*GIVEN DATA*.
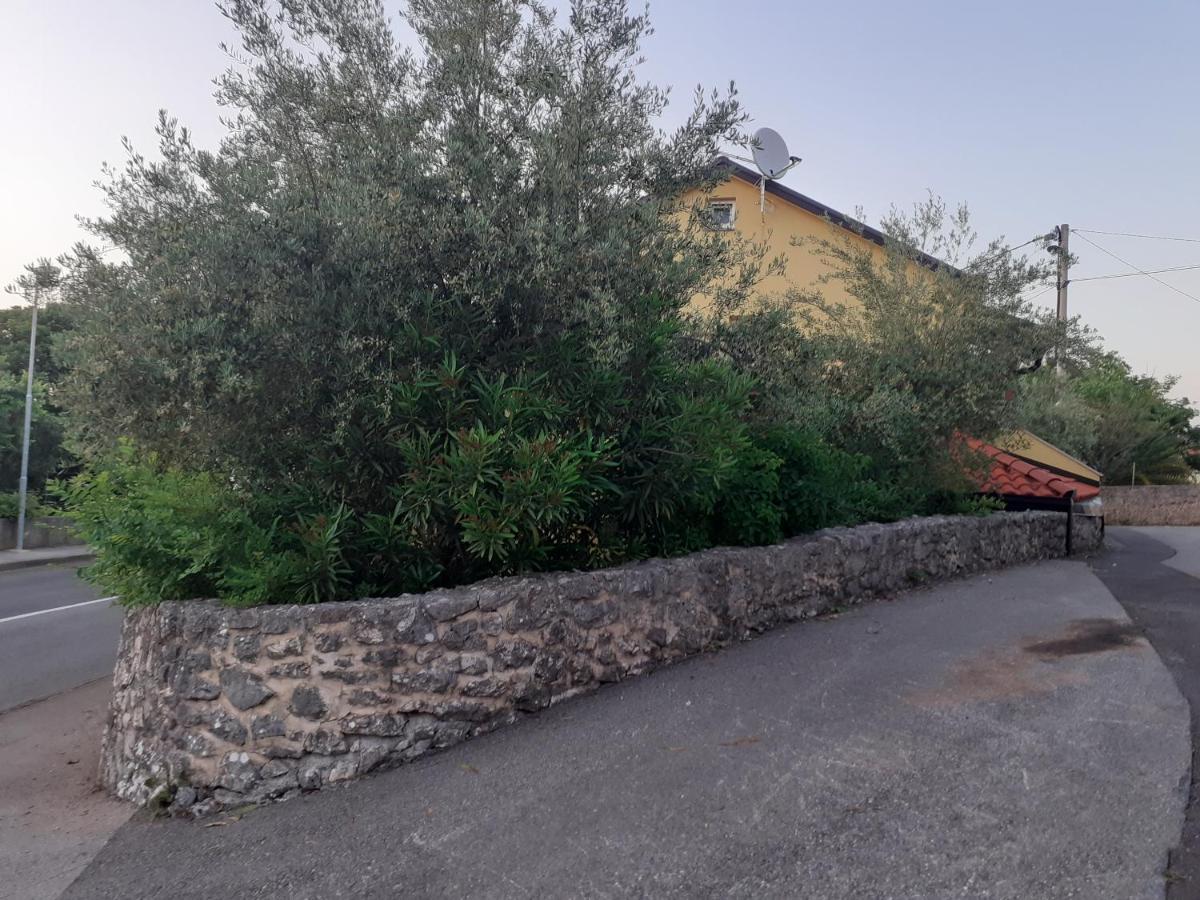 Apartmani Ljerka Malinska Exterior foto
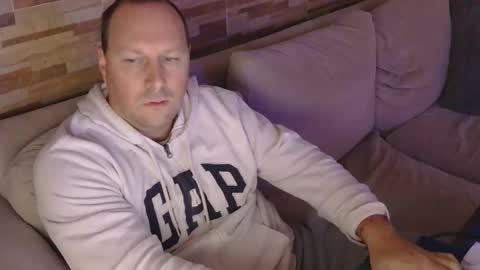 lustonfan online show from 04-22-26, 01:01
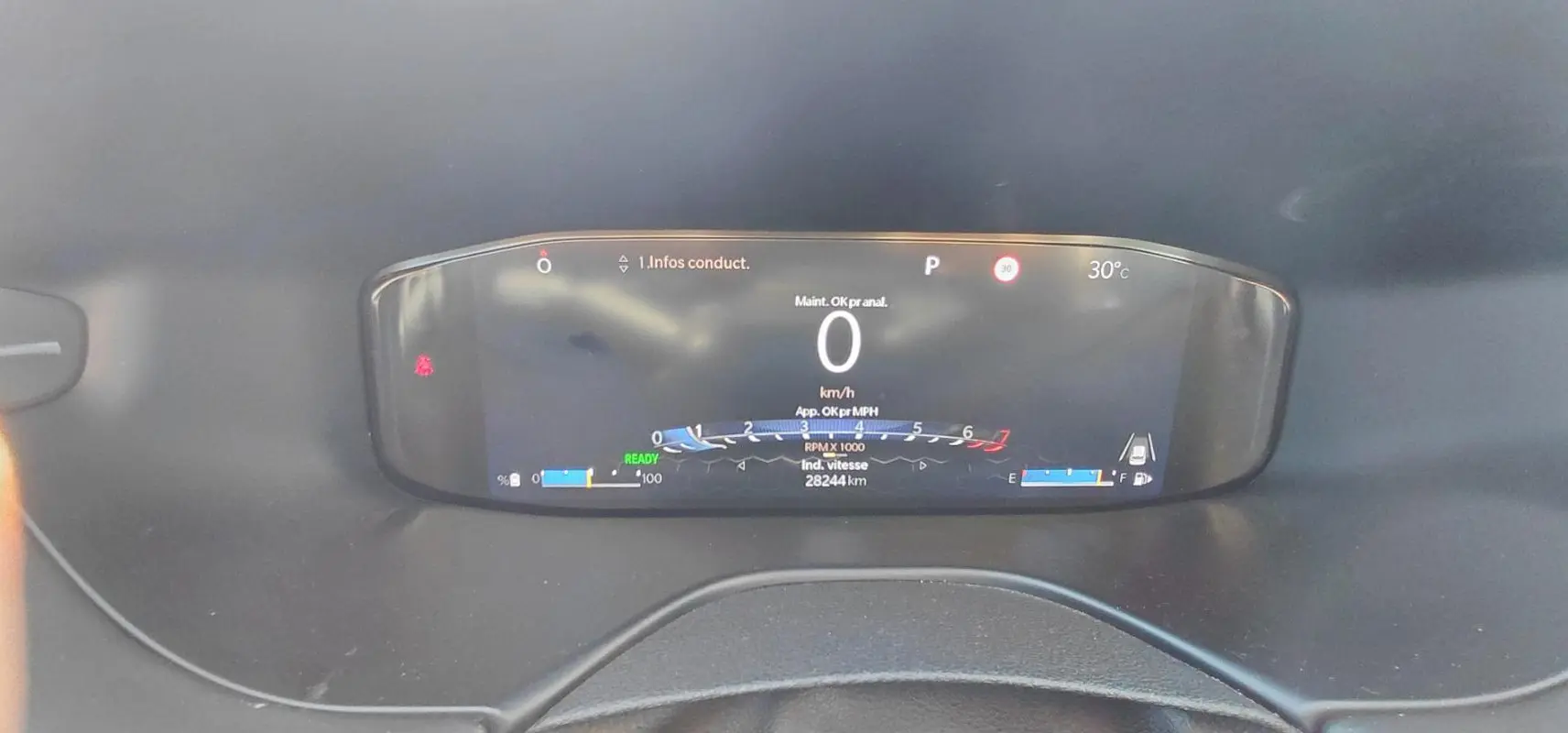 Tableau de bord numérique du Jeep Compass 2025 affichant la vitesse à 0 km/h et la température extérieure à 30°C.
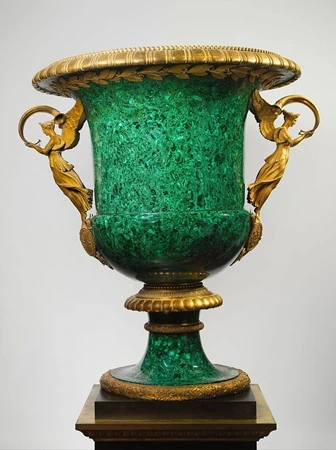 Malachite Monumental vase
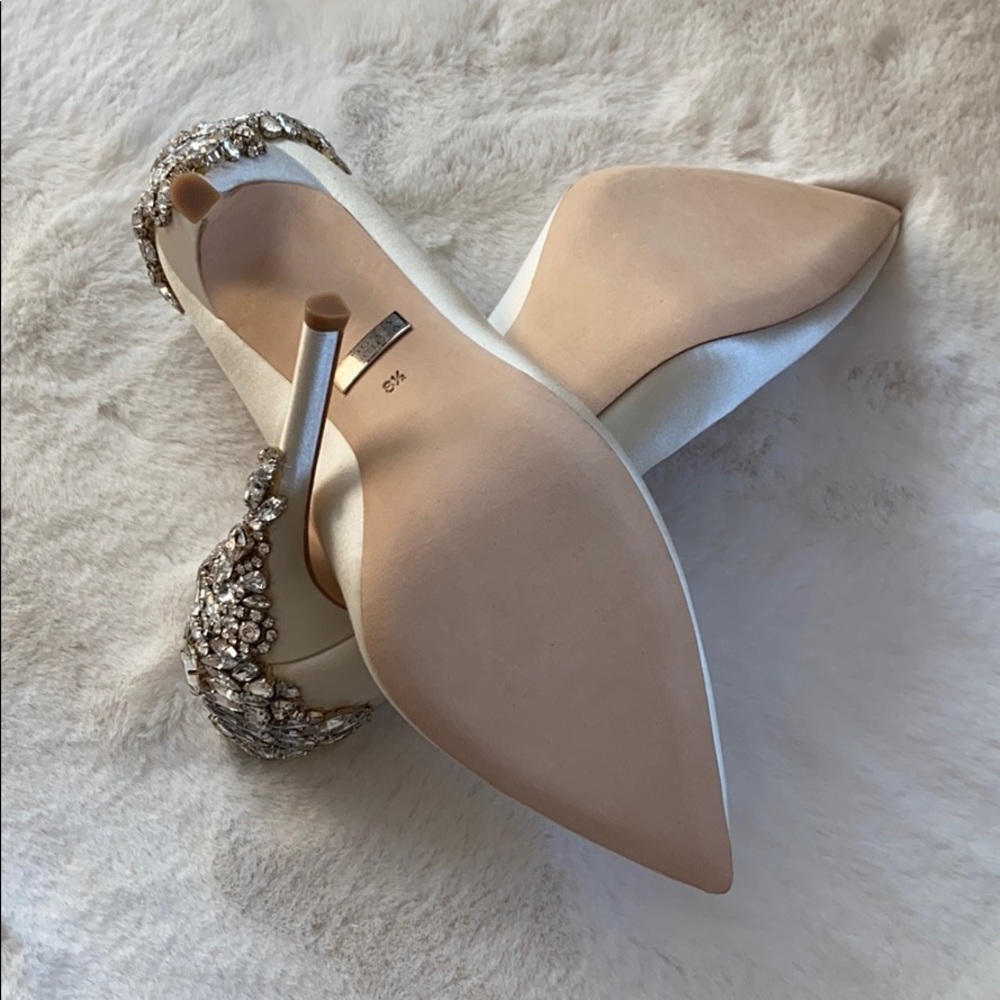Badgley Mischka Pumps - Picture 4 of 5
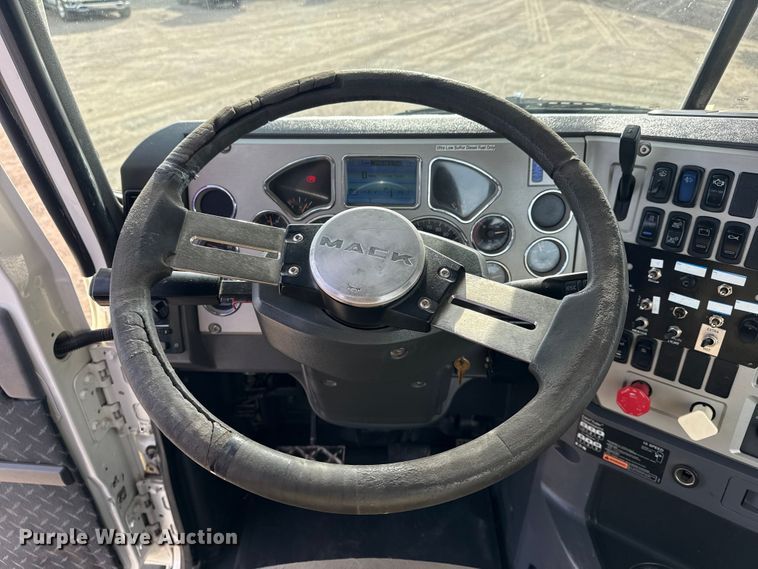 image for item EG2116 2013 Mack CXU612 toter truck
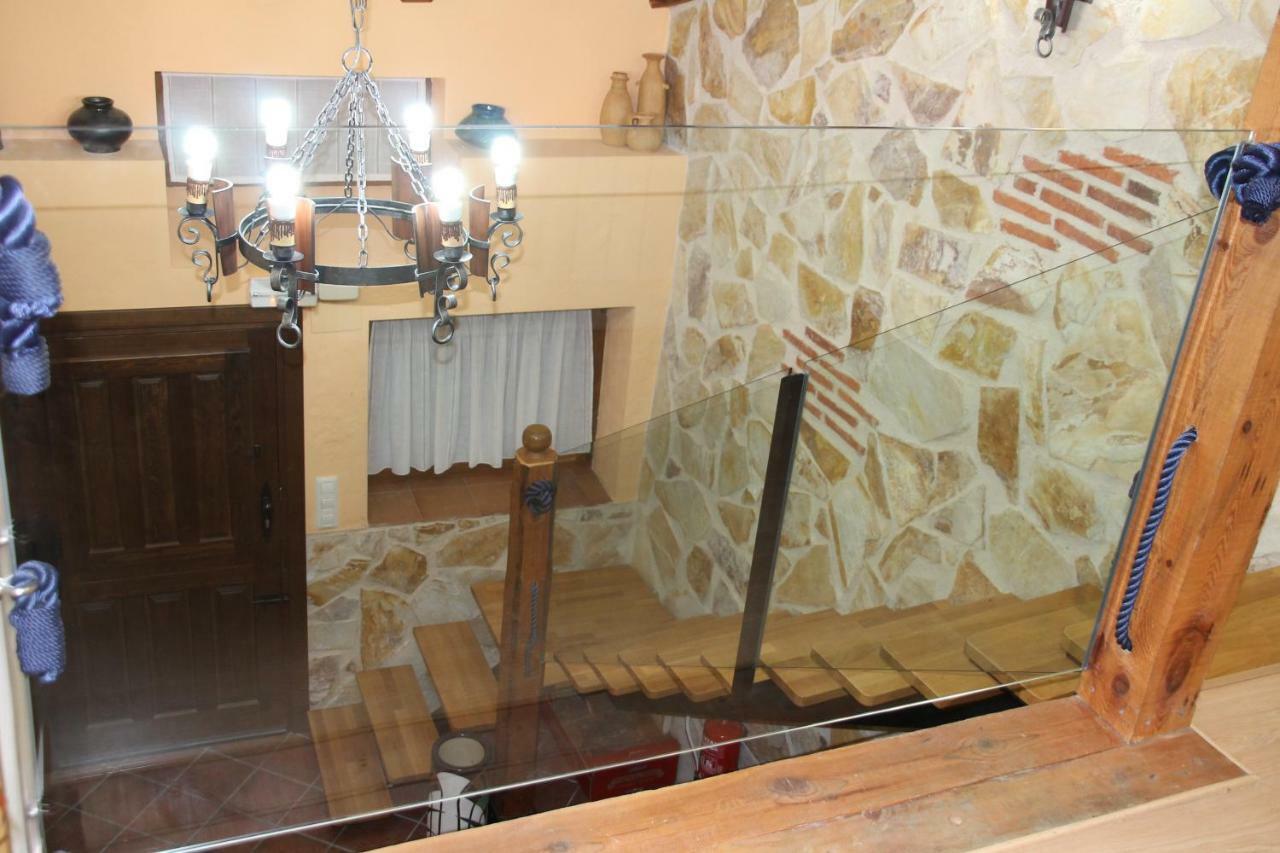 Tabanera del Monte Casa Vieja Tabanera A 8 Min De Segoiaゲストハウス エクステリア 写真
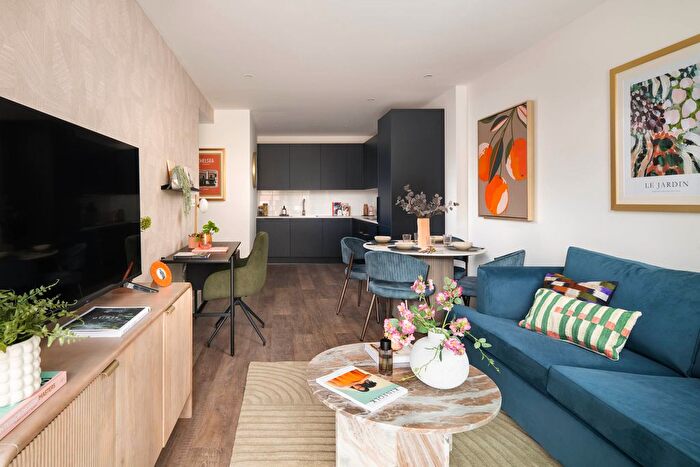1 Bedroom Flat For Sale In Chelsea Botanica, Watermeadow Lane, SW6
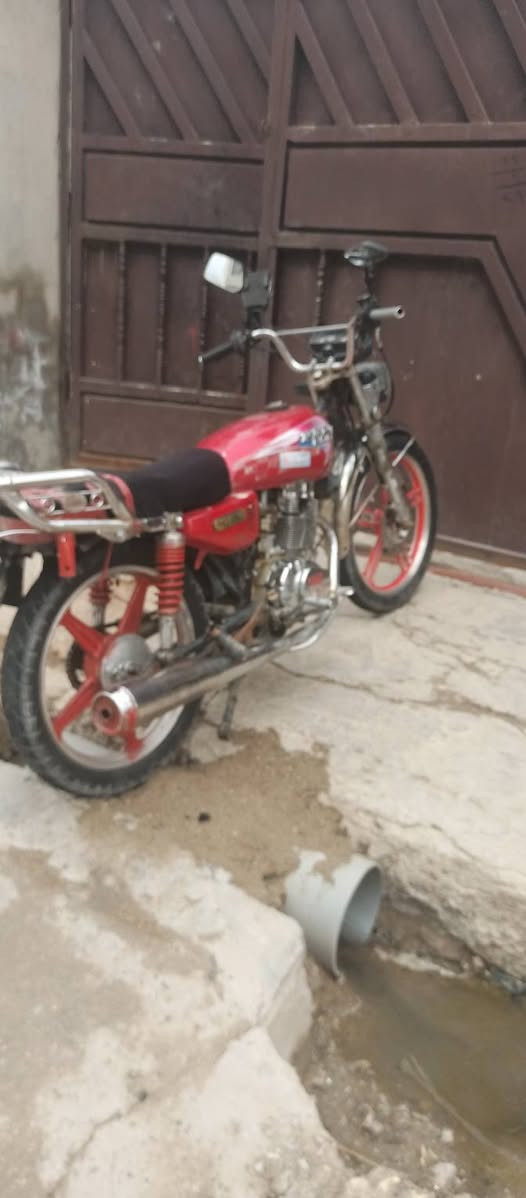 ايراني موديل 21
محرك مكفول وافول تبقه عندك نواقص. بصيطه مال شغل محرك خير وبركه سعره 375 قفل عنوان فلوجه 
واتس  ***********
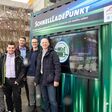 Ulf Schwalbe (r.) mit seiner Forschungsgruppe Elektromobilität und erneuerbare Energien bei Inbetriebnahme des intelligenten Second-Life-Batteriespeichers auf dem Gelände des Klinikums Fulda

*YOUR TASK*. The answer should be the full material above, printed exactly, with no pictures in it.

*RESULT BELOW*.
 Apartmani Ljerka Malinska Exterior foto
 lustonfan online show from 04-22-26, 01:01
 Tableau de bord numérique du Jeep Compass 2025 affichant la vitesse à 0 km/h et la température extérieure à 30°C.
 Malachite Monumental vase
Badgley Mischka Pumps - Picture 4 of 5
 image for item EG2116 2013 Mack CXU612 toter truck
 Tabanera del Monte Casa Vieja Tabanera A 8 Min De Segoiaゲストハウス エクステリア 写真
1 Bedroom Flat For Sale In Chelsea Botanica, Watermeadow Lane, SW6
 ايراني موديل 21
محرك مكفول وافول تبقه عندك نواقص. بصيطه مال شغل محرك خير وبركه سعره 375 قفل عنوان فلوجه 
واتس  ***********
 Ulf Schwalbe (r.) mit seiner Forschungsgruppe Elektromobilität und erneuerbare Energien bei Inbetriebnahme des intelligenten Second-Life-Batteriespeichers auf dem Gelände des Klinikums Fulda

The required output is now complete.